There used to be an obscure but in kpartx that was probably not really cleanly fixed:
http://bugs.debian.org/cgi-bin/bugreport.cgi?bug=734794

Could either be the same issue here or something similar. Whatever that might beā€¦

Can we automate rebooting the server? I am asking, because Iā€™d like to iterate faster here.

If I detect a stale mount and folder /home/ansible exists can I tell the build script just the reboot the server? Then I could do more builds in quick succession.

I would also temporarily change the build script to a simpler state that does not create a full build but just to quickly debug the mount issue.

66

If we are going to check for the stray mounts in the derivative-maker scripts, here is a solution I came up with to umount.

STRAY_MOUNT=$(df -h | grep 'ansible\/derivative-binary')

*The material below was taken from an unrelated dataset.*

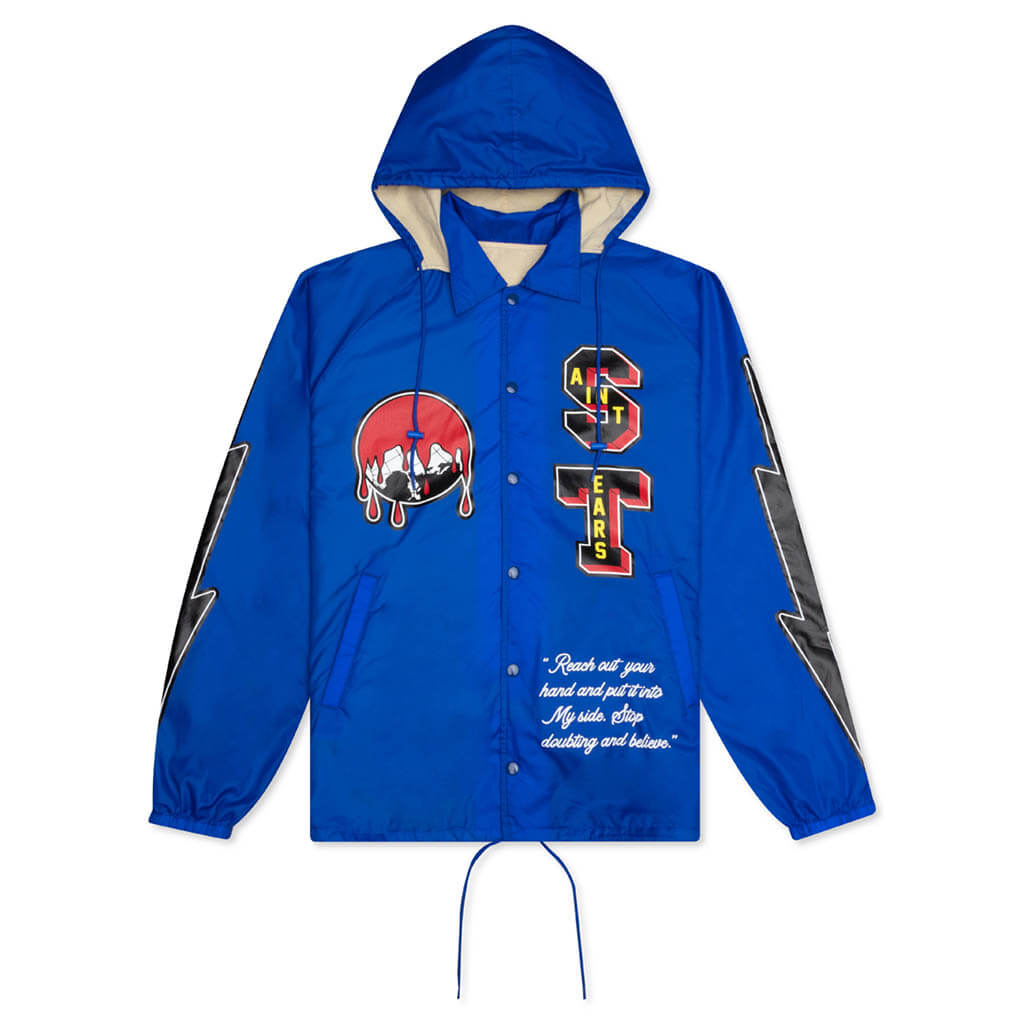 Saint Michael x Shermer Academy Coach Jacket - Blue, , large image number null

if [ -n "$STRAY_MOUNT" ]; then
  MOUNTED_FOLDER=$(echo $STRAY_MOUNT | awk '{print $6}')
  $SUDO_TO_ROOT umount -l $MOUNTED_FOLDER
fi
1 Like
67

Okay so now CI always reboot the VPS before running the derivative-maker build step. This should fix the issue with sudo losetup --all having a lingering loopback

I think mount steps above can fix the issue with the mounted volume, if necessary.

1 Like
68

With the reboot implemented, the same issue is occuring with the umount
https://github.com/Mycobee/derivative-maker/actions/runs/3018043263

I think the above solution I posted with the umount -l could potentially fix it

1 Like
69

If the build script and/or the CI scripts check for stray mounts, I guess is best if you decide.

The build script will check for stray mounts anyhow because non-CI builds should get a build error early when there is a stray mount. That test can stay independent from any potential test by the CI scripts.

The tests that I am currently using:

Usually a CI sets environment variable CI=true. And depending on that, the build script could perform some action it does not do outside of CI.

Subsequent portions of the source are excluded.